### RECORDS SHOWN

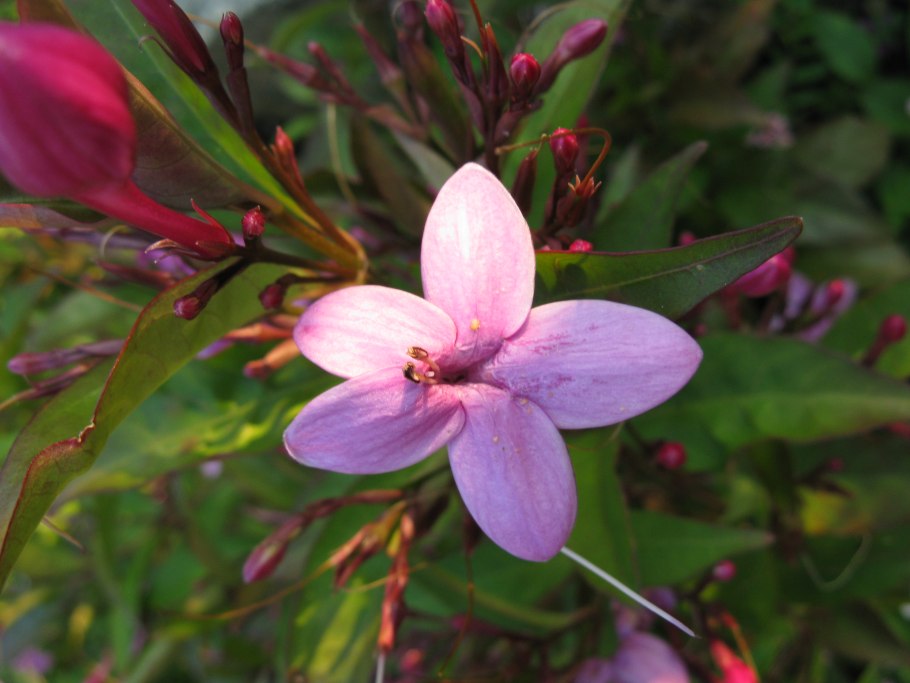 Псевдоэрантемум багряный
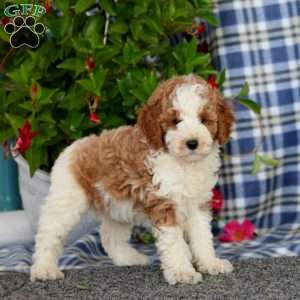 Skyler-Moyen, Miniature Poodle Puppy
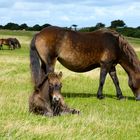 Mutterfreuden im Exmoor-Nationalpark bei den Ponies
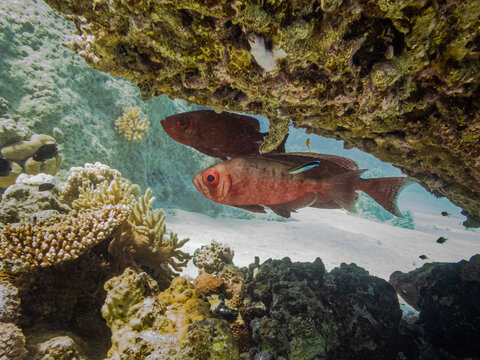 Blotcheye soldierfish, Myripristis berndti, at a Red Sea coral reef near Hurghada, Egypt. Species of hard coral and white sand
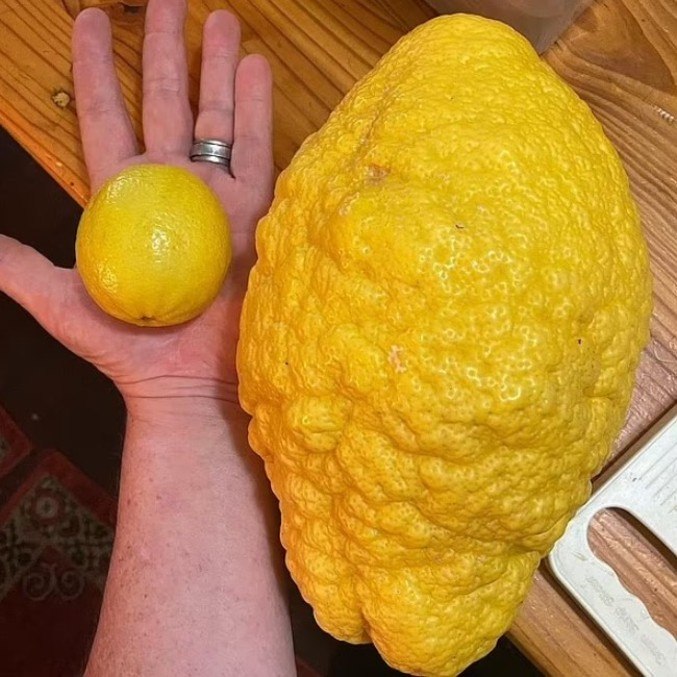 Limão gigante tem quase o tamanho do antebraço da chef de cozinha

### EXERCISE REQUIREMENTS
Everything in the data above should be set down again exactly, except the pictures.

### ANSWER AREA
 Псевдоэрантемум багряный
 Skyler-Moyen, Miniature Poodle Puppy
 Mutterfreuden im Exmoor-Nationalpark bei den Ponies
 Blotcheye soldierfish, Myripristis berndti, at a Red Sea coral reef near Hurghada, Egypt. Species of hard coral and white sand
 Limão gigante tem quase o tamanho do antebraço da chef de cozinha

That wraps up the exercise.